Kuru ekmeklere uzanan ihtiyar ve kınalı eller... Tersanelere bulaşan esmer delikanlıların sigortasız kanları… Kürt kadınlarının sırtlarında patlayan joplar…Fethullah Gülen’in şırıngasıyla zehirlenen gencecik bedenler… Soluğunu ensemizde taşıdığımız kapkaç terörü… intiharlar… kazalar… susanlar… ölenler.. kalanlar… satılan vatan toprağı… kapatılan partiler… Ergenekon… 85 yaşında bir yazar gözaltında… daha hayatın baharında soluksuz kalan gençlerin ahı… silahlananlar… cinnet geçirenler…
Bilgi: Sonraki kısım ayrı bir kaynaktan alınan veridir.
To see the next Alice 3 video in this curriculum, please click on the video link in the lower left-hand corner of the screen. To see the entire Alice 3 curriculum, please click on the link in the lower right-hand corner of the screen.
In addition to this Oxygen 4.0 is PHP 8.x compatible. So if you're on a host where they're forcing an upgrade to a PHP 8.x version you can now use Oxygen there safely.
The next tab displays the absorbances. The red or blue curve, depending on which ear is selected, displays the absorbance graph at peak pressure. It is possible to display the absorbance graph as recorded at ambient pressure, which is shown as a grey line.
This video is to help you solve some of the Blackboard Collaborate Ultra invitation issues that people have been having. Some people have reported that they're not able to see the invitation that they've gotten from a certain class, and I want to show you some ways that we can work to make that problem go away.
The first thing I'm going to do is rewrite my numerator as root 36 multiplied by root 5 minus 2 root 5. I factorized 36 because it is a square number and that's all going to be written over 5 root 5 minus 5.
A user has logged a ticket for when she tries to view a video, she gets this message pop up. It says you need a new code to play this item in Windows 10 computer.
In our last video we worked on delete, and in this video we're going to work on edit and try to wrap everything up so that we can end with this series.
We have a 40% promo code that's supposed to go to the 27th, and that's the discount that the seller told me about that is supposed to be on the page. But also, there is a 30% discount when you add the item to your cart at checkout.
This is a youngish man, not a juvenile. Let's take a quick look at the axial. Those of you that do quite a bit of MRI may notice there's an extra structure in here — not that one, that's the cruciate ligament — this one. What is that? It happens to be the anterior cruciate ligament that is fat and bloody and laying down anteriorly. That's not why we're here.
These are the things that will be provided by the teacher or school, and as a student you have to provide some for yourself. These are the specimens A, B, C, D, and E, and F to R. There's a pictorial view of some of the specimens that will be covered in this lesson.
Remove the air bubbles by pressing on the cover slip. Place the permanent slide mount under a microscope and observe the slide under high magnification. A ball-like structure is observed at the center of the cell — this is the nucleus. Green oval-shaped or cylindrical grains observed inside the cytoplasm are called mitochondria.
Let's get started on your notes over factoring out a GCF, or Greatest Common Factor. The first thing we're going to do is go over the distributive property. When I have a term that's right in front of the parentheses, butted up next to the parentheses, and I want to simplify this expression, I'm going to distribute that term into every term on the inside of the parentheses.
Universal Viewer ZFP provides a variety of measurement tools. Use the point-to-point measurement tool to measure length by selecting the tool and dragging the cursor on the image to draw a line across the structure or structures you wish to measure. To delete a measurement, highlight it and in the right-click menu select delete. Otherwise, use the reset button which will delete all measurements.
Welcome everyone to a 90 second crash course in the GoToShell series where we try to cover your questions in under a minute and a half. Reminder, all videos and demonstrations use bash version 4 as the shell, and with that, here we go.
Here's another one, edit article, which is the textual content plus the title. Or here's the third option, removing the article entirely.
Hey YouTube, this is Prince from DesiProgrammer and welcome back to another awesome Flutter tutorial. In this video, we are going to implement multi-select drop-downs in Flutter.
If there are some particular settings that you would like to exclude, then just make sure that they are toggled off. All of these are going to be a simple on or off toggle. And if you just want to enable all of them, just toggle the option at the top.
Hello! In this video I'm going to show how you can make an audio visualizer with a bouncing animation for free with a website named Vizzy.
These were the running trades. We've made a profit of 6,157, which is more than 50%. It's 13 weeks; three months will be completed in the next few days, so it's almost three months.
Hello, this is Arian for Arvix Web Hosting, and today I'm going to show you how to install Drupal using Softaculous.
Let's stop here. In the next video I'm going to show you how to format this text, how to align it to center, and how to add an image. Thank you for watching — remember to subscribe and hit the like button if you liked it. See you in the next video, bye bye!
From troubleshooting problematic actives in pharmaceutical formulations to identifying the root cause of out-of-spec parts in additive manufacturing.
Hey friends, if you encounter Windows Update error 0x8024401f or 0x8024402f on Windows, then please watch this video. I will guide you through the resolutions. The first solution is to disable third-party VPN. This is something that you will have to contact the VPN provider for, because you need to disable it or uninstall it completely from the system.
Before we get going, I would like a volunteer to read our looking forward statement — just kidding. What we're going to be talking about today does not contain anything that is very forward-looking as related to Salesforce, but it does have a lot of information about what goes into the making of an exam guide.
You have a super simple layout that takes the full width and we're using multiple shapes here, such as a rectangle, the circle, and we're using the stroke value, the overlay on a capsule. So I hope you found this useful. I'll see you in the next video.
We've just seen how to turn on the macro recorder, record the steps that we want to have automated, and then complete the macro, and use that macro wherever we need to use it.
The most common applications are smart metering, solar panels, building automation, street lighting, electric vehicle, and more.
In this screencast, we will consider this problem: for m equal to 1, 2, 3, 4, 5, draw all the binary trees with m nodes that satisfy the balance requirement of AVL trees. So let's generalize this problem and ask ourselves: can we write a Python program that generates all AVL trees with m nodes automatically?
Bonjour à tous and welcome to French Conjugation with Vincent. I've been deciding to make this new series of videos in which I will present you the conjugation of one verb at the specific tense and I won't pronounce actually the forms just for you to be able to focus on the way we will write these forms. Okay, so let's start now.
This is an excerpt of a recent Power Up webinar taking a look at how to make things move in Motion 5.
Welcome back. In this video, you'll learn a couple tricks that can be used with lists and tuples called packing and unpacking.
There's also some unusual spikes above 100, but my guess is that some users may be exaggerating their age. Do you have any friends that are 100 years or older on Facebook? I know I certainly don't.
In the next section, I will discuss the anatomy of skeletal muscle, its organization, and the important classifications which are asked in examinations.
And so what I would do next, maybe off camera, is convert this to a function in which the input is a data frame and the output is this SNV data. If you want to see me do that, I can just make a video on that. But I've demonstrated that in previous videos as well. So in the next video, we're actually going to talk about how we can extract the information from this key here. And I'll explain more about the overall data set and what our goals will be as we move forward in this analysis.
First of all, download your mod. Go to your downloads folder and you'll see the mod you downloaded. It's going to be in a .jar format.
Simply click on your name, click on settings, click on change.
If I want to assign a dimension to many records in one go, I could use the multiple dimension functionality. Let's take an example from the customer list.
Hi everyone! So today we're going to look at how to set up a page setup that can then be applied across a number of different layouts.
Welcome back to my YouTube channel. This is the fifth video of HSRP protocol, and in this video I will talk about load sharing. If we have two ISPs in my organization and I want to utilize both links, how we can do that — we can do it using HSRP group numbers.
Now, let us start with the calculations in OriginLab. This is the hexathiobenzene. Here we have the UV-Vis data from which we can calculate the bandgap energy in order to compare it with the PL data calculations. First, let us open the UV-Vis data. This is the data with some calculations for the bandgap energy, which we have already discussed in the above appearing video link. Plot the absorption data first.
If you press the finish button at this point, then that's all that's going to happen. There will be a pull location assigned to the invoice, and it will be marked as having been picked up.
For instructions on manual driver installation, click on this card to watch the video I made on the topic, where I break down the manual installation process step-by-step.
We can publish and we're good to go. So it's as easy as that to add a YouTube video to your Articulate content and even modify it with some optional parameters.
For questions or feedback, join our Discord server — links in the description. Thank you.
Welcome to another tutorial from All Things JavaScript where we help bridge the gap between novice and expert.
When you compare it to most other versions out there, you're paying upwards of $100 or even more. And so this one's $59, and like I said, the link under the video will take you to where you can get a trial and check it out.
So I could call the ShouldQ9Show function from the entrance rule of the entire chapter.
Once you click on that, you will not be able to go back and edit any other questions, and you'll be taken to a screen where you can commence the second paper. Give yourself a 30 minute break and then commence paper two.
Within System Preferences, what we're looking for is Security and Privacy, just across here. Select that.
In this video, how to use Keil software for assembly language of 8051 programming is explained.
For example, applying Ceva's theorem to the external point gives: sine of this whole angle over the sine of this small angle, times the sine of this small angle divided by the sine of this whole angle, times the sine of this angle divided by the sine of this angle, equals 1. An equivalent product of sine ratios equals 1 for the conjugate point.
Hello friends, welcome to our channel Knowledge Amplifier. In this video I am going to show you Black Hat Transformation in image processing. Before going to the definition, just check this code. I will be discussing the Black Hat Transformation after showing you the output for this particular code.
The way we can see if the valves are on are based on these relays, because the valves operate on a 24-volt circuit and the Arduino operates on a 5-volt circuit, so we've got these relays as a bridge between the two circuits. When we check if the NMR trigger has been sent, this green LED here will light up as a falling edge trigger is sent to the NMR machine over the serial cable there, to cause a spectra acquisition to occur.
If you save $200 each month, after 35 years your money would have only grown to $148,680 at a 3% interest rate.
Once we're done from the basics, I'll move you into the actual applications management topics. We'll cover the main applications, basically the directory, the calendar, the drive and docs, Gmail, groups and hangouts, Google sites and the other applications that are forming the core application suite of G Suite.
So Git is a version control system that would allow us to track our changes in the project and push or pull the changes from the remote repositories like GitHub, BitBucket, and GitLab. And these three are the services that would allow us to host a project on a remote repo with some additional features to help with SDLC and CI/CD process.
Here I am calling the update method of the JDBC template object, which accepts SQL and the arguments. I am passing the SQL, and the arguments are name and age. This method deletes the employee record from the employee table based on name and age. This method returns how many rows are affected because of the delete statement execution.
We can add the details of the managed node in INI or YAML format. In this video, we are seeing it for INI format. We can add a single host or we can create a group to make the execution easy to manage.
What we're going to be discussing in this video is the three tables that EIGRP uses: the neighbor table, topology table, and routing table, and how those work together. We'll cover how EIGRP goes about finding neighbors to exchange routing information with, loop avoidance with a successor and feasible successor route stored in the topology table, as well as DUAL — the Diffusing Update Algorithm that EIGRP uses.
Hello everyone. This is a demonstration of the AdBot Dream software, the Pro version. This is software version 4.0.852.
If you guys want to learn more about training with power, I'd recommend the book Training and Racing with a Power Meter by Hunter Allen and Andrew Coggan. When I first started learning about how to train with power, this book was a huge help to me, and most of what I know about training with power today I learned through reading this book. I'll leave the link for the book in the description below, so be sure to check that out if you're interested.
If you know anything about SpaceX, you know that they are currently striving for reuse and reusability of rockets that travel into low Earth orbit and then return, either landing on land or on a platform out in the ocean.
Bütün bunlar olup biterken geçenlerde delinin biri kuyuya taş atmış ve bazıları bu atılan taşı çıkarma görevi edinmiş kendine. Nasıl mı? Şöyle;
E-postalarımı kontrol ederken “yok mu bu adamlara dur diyecek 500 kişi” benzeri bir mesaj dikkatimi çekti ve girip neler yazdığına bakayım dedim. Baktım, yazıyı okudum, bir liste gördüm (Liste H.Hilmi Bulunmaz ve Coşkun Büktel’le ilgili bir listeydi), söz konusu siteden çıktım ve işlerime devam ettim. Daha sonra tesadüfen bu Hüseyin Hilmi Bulunmaz ve Coşkun Büktel’e karşı imzaya açılan listede adımın olduğunu öğrendim. Nasıl olmuşsa olmuş, yazıyı okumak için tıkladığım mavi yazıyla birlikte adım direkt listeye geçmiş!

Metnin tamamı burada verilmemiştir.